On Fri, 15 May 2020 at 05:13 Davide Sangalli <davide.sengalli@xxxxxx> wrote:
> also moving to the last version of the libraries the problem remains.
>
> pkgname_netcdf=netcdf-c-4.7.4
> pkgname_netcdff=netcdf-fortran-4.5.2
> pkgname_pnetcdf=pnetcdf-1.12.1
> pkgname_hdf5=hdf5-1.12.0
>
> Moreover I noticed differences between running in serial and running in
> parallel.
> (I interrupted the two runs, so it maybe that the I/O was not over)
> Below BS_K_linearized should just be a number (a dimension with netcdf)
>
> SERIAL:
> DATASET "BS_K_linearized1" {
> DATATYPE H5T_IEEE_F32BE
> DATASPACE SIMPLE { ( 2025000000 ) / ( 2025000000 ) }
> STORAGE_LAYOUT {
> CONTIGUOUS
> SIZE 0
> OFFSET 18446744073709551615
> }
> FILTERS {
> NONE
> }
> FILLVALUE {
> FILL_TIME H5D_FILL_TIME_IFSET
> VALUE H5D_FILL_VALUE_DEFAULT
> }
> ALLOCATION_TIME {
> H5D_ALLOC_TIME_LATE
> }
>
> PARALLEL:
> DATASET "BS_K_linearized1" {
> DATATYPE H5T_IEEE_F32BE
> DATASPACE SIMPLE { ( 2025000000 ) / ( 2025000000 ) }
> STORAGE_LAYOUT {
> CONTIGUOUS
> SIZE 8100000000
> OFFSET 2387
> }
> FILTERS {
> NONE
> }
> FILLVALUE {
> FILL_TIME H5D_FILL_TIME_IFSET
> VALUE H5D_FILL_VALUE_DEFAULT
> }
> ALLOCATION_TIME {
> H5D_ALLOC_TIME_EARLY
> }
Dave Allured mentioned in an earlier message that hidden dimension scales
are still stored as arrays, but the arrays are left unpopulated. That's
consistent with your (empty) dataset in the serial case. Looks like the
dimension scales are still being written as arrays in the parallel case.
(Side note: OFFSET 18446744073709551615 is ULLONG_MAX (2^64 - 1), I don't
know why h5dump prints that.)
Honestly I think you should just be using HDF5 directly. netCDF-4 is an
abstraction layer but it's not comprehensive. The main advantage of netCDF
is the structured metadata conventions and OPeNDAP which aren't relevant
if you're just dumping arrays to a file.
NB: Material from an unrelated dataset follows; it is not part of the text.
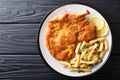 Traditional Italian veal Milanese with lemon and French fries cl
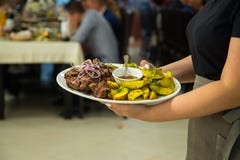 Die Kellnerin trägt eine Platte von Kartoffeln und von Kebabs dient einen Bankettisch stockfoto Die Kellnerin trägt eine Platte von Kartoffeln und von Kebabs dient einen Bankettisch stockfoto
Additional compression filters
are supported like Blosc, which you can use transparently as an
alternative to designing your own sparse array storage representation.
The HDF5 API itself is not as friendly as netCDF, but it will probably
save you time compared to debugging the abstraction layer, and there is a
Fortran interface. There are many other nice file formats that would be
suitable for your application but you would most likely have to write your
own Fortran wrapper with `iso_c_binding`.
- John Buonagurio